Hi Levi, what was your thought process behind starting your own business?
Malibu Nights came into being in 2014 while I was living at the THE WICK compound in Denver, Colorado. My songwriting was inspired by a retro electronic dance sound from the 80’s and early 90’s, coupled with some of the higher energy rock and hardcore outfits that I loved. I also have a deep love for classic funk and wanted to incorporate some of that energy into the project as well. My goal was to bring the sound into a live performance as a band, not simply djing tracks, to showcase the live energy of the project and bring a fresh sound to the music landscape.
Let’s talk shop? Tell us more about your career, what can you share with our community?

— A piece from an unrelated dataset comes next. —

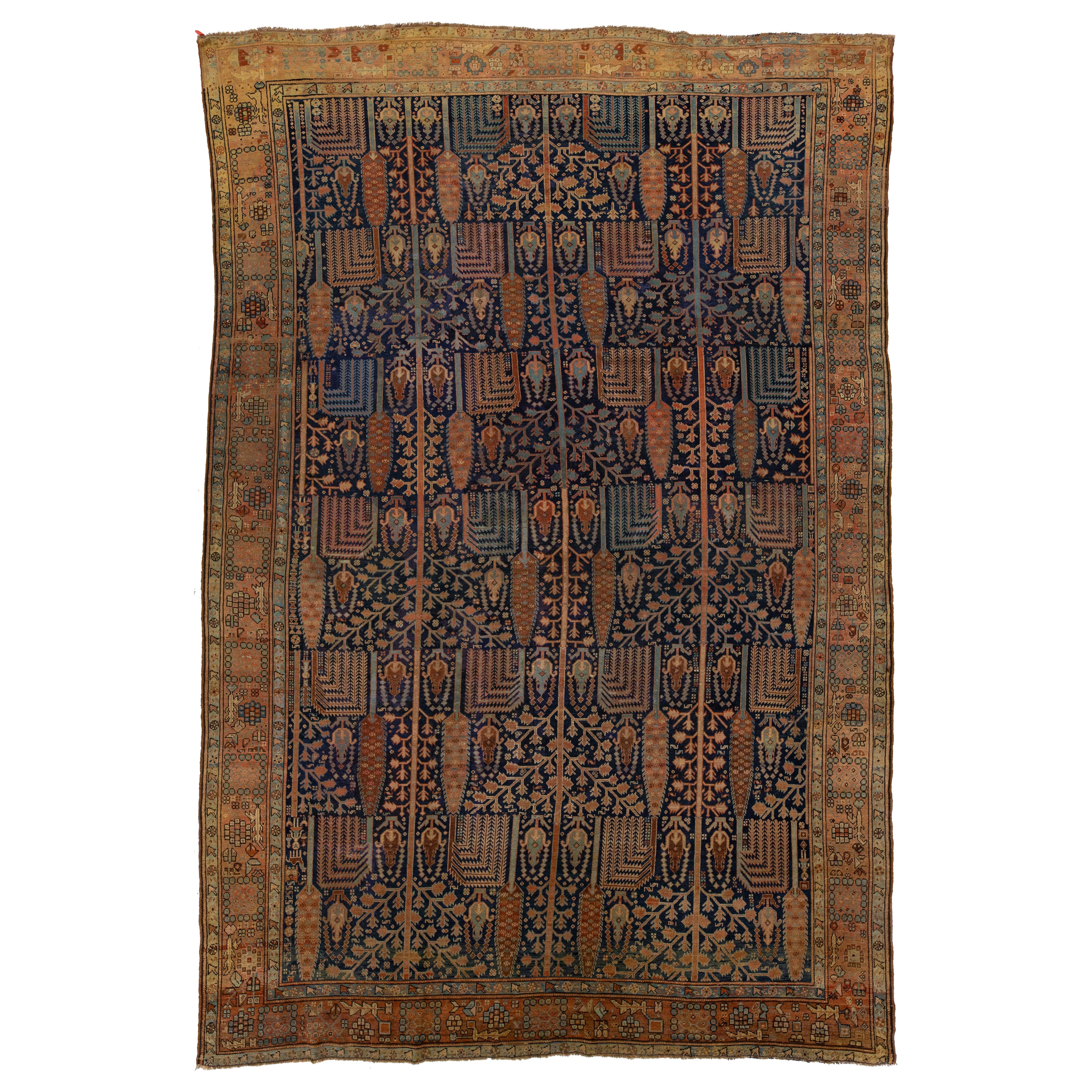1900s Blue Antique Persian Bakshaish Wool Rug Handmade with Allover Design (Tapis de laine persan Bakshaish fait à la main avec un design Allover)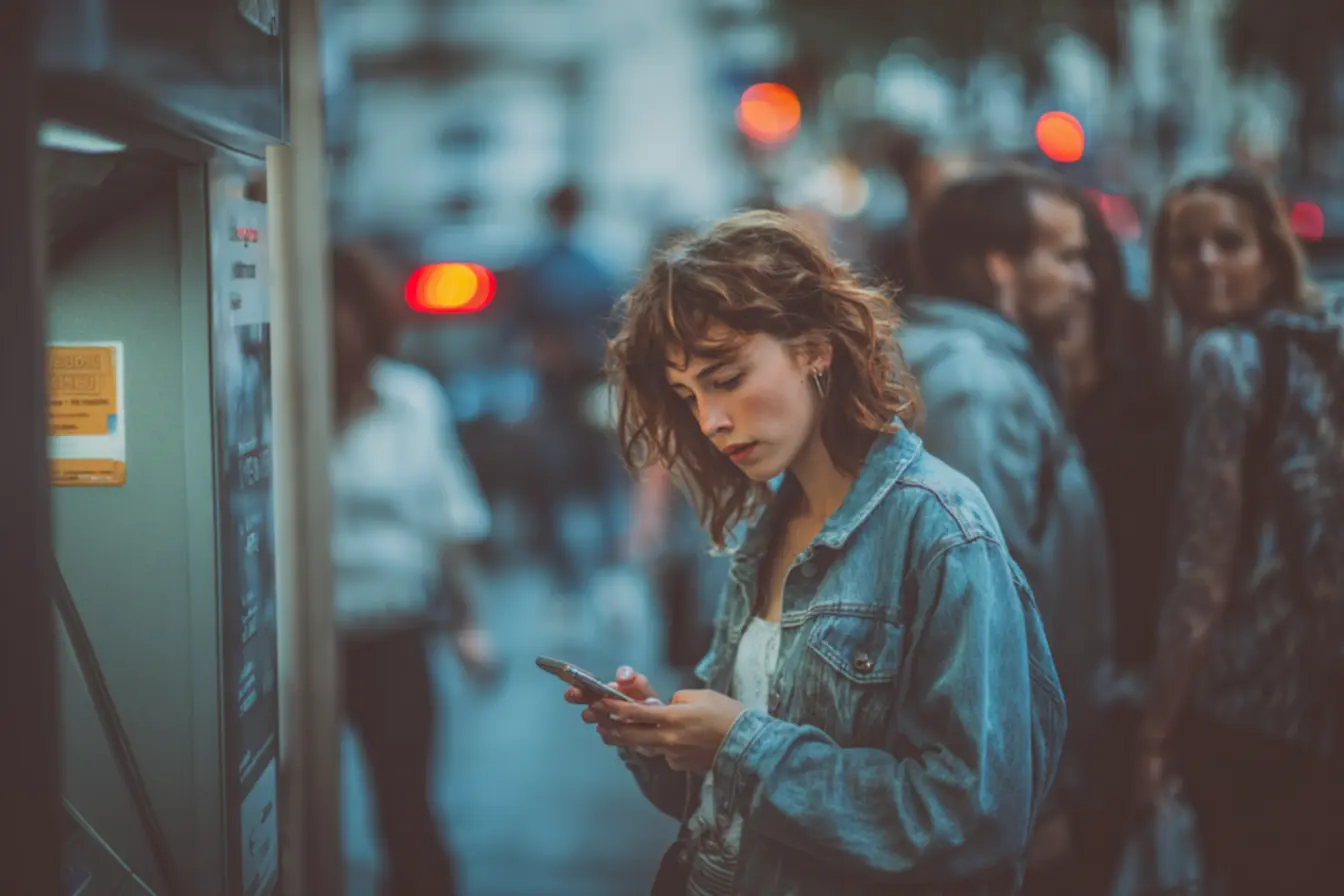 Pessoa utilizando caixa eletrônico e celular para transações financeiras com novos limites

I began my journey with music at an early age, singing in choir and learning several instruments when I was young, and developed that love into a music degree from CU-Colorado Springs. I moved back home to southwest Colorado after college, and fronted a full time funk band. We played the regional circuit, and this group developed my taste for classic funk as a catalyst for energized dance floors. After outgrowing the small southwest club scene, I made the move to Denver and linked up with my college friends, who were formerly The Free Electric Band, now LAMA LIVE, and joined up. Around that time I was working in a used gear store, and became friends with Nat-Lort Nelson, who was the guitarist for The Bunny Gang. He invited me to audition with them, and that began my foray into professional music. The guys in that band became my best friends and we had many adventures around the world. Making a band work takes monumental energy and focus, because you are not only dealing with powerful sometimes conflicting talents, but real world issues that arise from choosing that lifestyle, be it financial, interpersonal, etc. There is a saying I learned from Nathen, our singer, “artists pay double”, and if you’re an artist you know the sacrifices that must be made to pursue creative freedom over a lifetime. The Bunny Gang is where I cut my teeth, and shared my knowledge and desire to create a successful life, through music, with Malibu Nights.
Any places to eat or things to do that you can share with our readers? If they have a friend visiting town, what are some spots they could take them to?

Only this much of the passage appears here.